変形なしで大気圏内飛行が可能なモビルスーツ

●RX-160 バイアラン

「RX-160 バイアラン」は、大気圏内を単独かつ可変機構なしで飛行可能なモビルスーツとして、キリマンジャロ基地で開発されました。大気圏内用の熱核ジェットエンジンと機体各所に装備された大推力スラスターを搭載し、さらに徹底的に軽量化が施されたことにより、飛行能力と高い機動能力を獲得しています。

 熱核ジェットエンジンをロケットエンジンに換装することにより宇宙空間にも対応できる利便性を兼ね備えていますが、推進剤の搭載量は限られており、航続距離や飛行可能時間が短いという問題点を抱えています。

 武装については、もともと試作機であることと機動性能を重視したためか、メガ粒子砲2門とビーム・サーベル2基にとどまっています。しかしながらメガ粒子砲の出力は4.7MWと、マラサイやハイザックが装備するBR-87Aビーム・ライフルの出力2.2MWと比較して倍以上あり、十分な破壊力を備えています。

 本編では36話に初登場し、試験中の機体にジェリド・メサが乗り込みカミーユ・ビダンのZガンダムと交戦しています。その際にカミーユを庇ったフォウ・ムラサメのサイコガンダムの頭部をビーム・サーベルで貫き撃墜しました。

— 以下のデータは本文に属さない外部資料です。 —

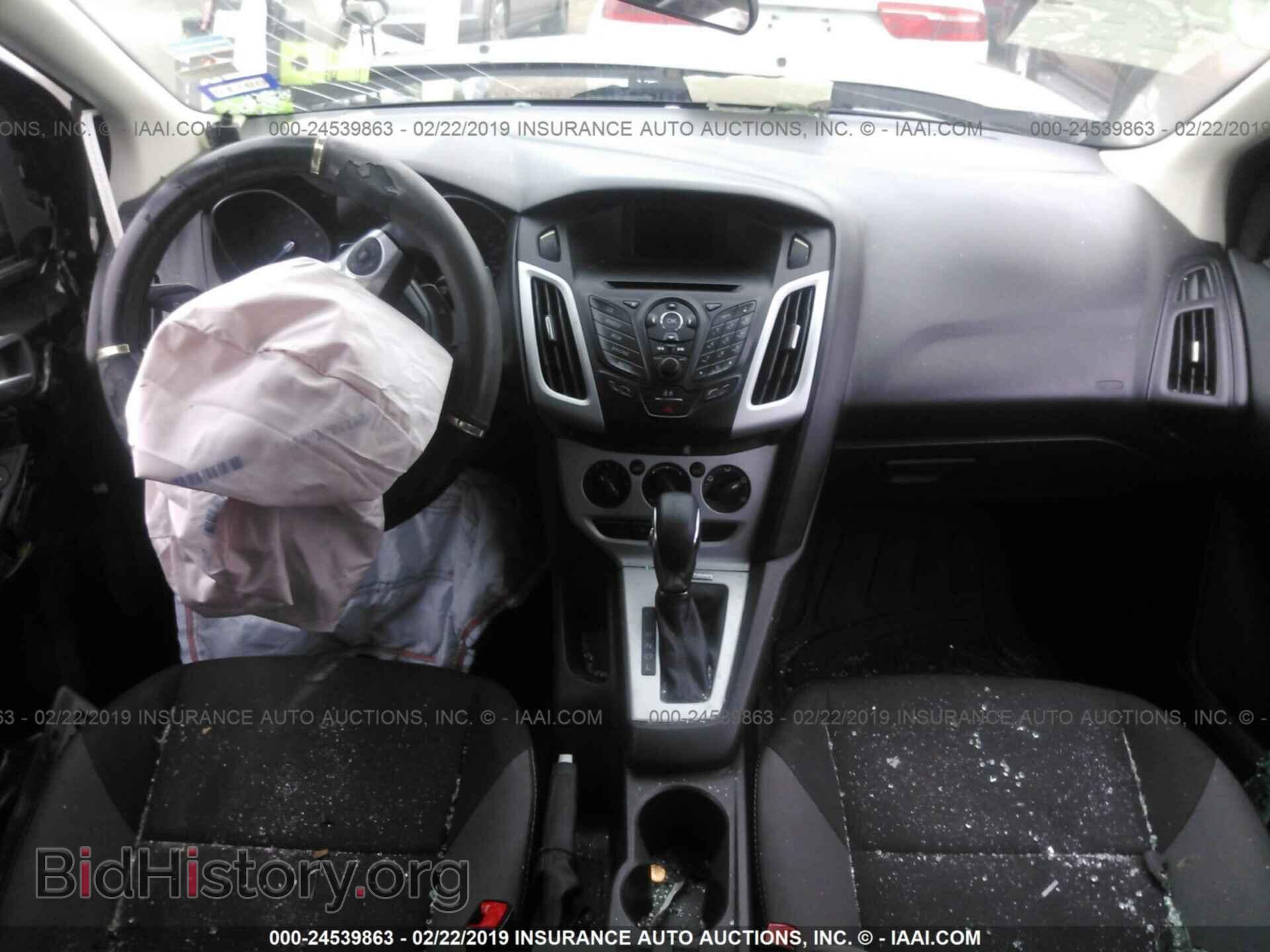 2013 FORD FOCUS - VIN: 1FADP3F23DL131358 - Photo 5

 その後もジェリドは本機を使い続け、45話では長くレギュラーパイロットとして活躍していたアポリー・ベイ中尉のリック・ディアスを撃墜しています。これまでカミーユ相手に苦杯をなめ続け、戦場で大切な人間を失い続けてきたジェリドが、ようやくカミーユへの復讐を成功させた機体として、バイアランは重要なポジションを占めています。なお、ジェリドが後にバウンド・ドックに乗り換えたため、この機体の行方は不明のままです。

 また『機動戦士ガンダムUC』では、ジオン残党軍によるトリントン基地攻撃の際に出動し、主に滞空能力向上のカスタマイズを受けたバイアランが迎撃を行いました。飛行能力を生かして多数の撃墜を記録しています。「空を飛べる」というコンセプトがどれほど絶大な効果を発揮するかを示した重要なシーンとして、バイアラン・カスタムの活躍は記憶されることでしょう。

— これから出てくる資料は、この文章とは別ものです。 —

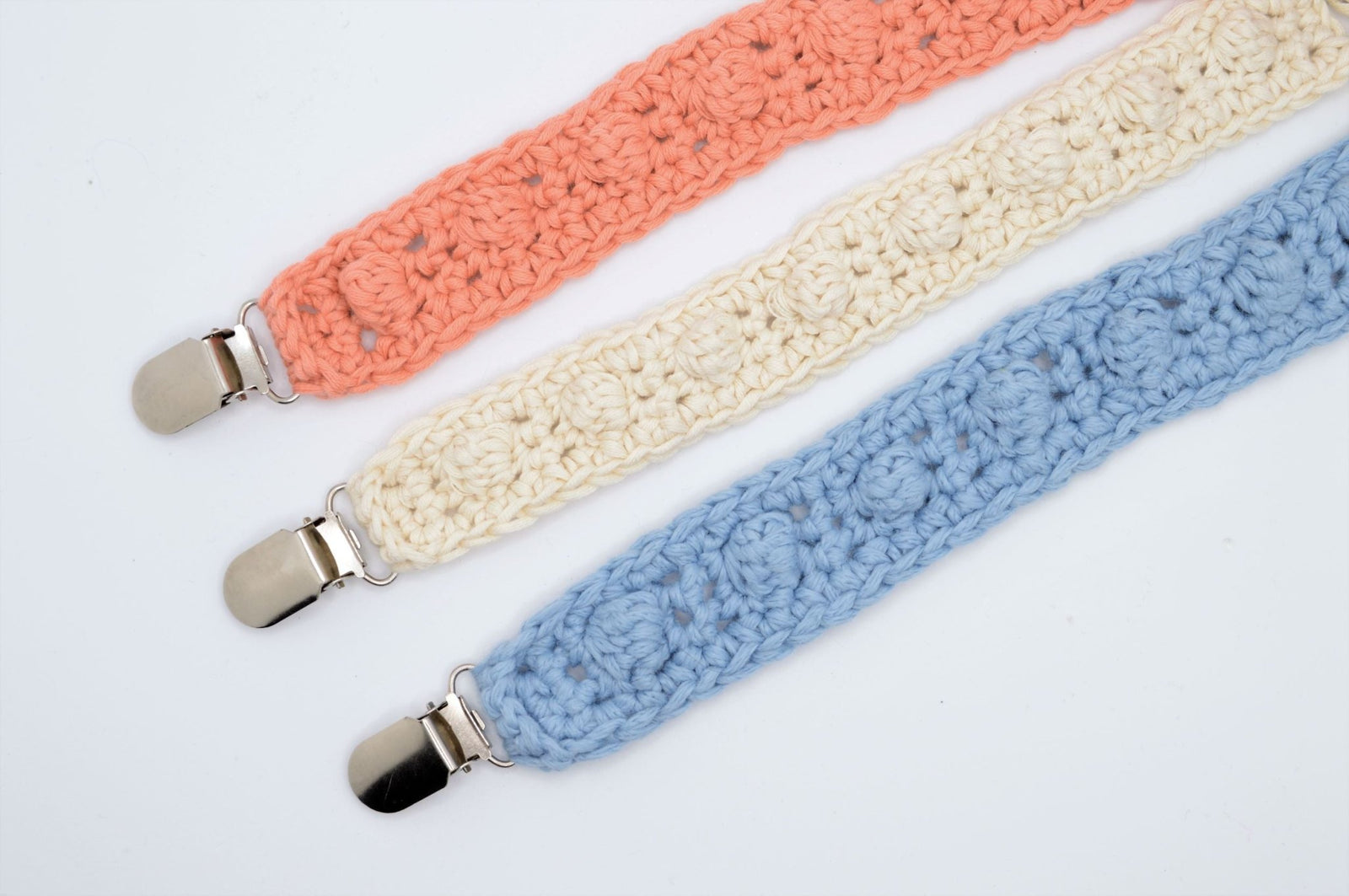 Soother Clips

バーザムはティターンズ最後の量産機だったが、作中では目立った活躍が描かれなかった。画像は「HGUC 機動戦士Zガンダム バーザム 1/144スケール 色分け済みプラモデル」(BANDAI SPIRITS)

遅れてきたティターンズの量産機

●RMS-154 バーザム

「RMS-154 バーザム」はティターンズがニューギニア基地で開発した量産型モビルスーツです。グリプス戦役当時はニュータイプや強化人間が操縦するエース専用機が持つ圧倒的な戦闘力が着目されており、高性能機の開発に大きな力が注がれたため、ティターンズが運用可能な量産機は旧式機のジムIIやアナハイム社製のハイザックとマラサイとなっていました。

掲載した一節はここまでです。